Multilingual Coreference Resolution via Cycle-Consistent Machine Translation
This work addresses the lack of coreference resolution resources for low-resource languages, offering a practical solution for expanding NLP capabilities to under-served languages.
The paper proposes a pipeline that uses cycle-consistent machine translation to generate training data for coreference resolution in low-resource languages, achieving significant performance gains across four languages and enabling coreference resolution where no prior corpora existed.
Coreference resolution is a core NLP task, having a broad range of downstream applications, e.g.~machine translation, question answering, document summarization, etc. While the task is well-studied in English, comparatively less attention is dedicated to coreference resolution in other languages, especially low-resource ones.
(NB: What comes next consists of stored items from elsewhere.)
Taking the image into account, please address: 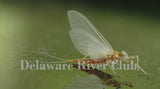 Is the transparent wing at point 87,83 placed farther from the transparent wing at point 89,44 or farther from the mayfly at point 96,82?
the transparent wing at point 89,44

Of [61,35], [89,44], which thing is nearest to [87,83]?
[89,44]

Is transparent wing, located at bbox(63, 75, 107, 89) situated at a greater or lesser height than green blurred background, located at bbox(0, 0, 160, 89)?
lesser

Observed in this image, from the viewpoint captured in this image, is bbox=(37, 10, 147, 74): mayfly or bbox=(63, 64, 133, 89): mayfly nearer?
bbox=(63, 64, 133, 89): mayfly

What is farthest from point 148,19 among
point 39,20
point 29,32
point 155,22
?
point 29,32

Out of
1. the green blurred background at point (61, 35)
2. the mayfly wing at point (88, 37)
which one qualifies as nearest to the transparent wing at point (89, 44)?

To mitigate this gap, we propose a novel coreference resolution pipeline that harnesses machine translation (MT) from English to a target low-resource language, to generate or expand training data. To automatically validate the quality of the translated samples, we back-translate the samples and assess the similarity with the original English samples via cosine similarity in the latent space of a BERT model. The resulting similarity scores are integrated into the loss function to weight training samples according to their MT cycle consistency. Extensive experiments on four low-resource languages show that our pipeline brings significant performance gains in coreference resolution. Moreover, our pipeline enables accurate coreference resolution in languages where no previous corpora were available.